Windows has always been and still is the most popular operating system, thanks to the aggressive marketing that Microsoft did back in the day and it being installed on pretty much every computer that isn’t a Mac out of the factory. The latest iteration, Windows 7, is simply fantastic and much better than any of the previous versions – it’s what Vista should’ve been but never was.
And it looks like the new Windows 8 will be even better, bringing many good changes under the hood, as well as on the outside – the most noticeable is the new Metro UI, which was designed with touch screen users in mind, but it still works great with a mouse (plus it seems that soon, we’ll have touch screens on most laptops, as well).

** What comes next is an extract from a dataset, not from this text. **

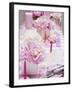 Laid Table with Pink Accessories and Peonies-Linda Burgess-Framed Photographic Print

But while Windows is great out of the box, it’s pretty much implied that you should customize it as you wish after installation. If you like being productive and getting the most out of your computer, here are a few apps you should always install on a Windows machine:
EverNote. EverNote is another note taking app, but it’s more specialized and slightly different than OneNote above. The program lets you store bookmarks, videos, photos and text notes and organize them by date, time, tags, categories and occasions. It’s more complex than OneNote, but it’s an excellent tool for keeping track of all your ideas. One big advantage over OneNote is its ability to sync everything with your online account, other computers (even Macs), tablets and smartphones (using separate apps for the devices), so you can have your notes and ideas accessible anytime, anywhere.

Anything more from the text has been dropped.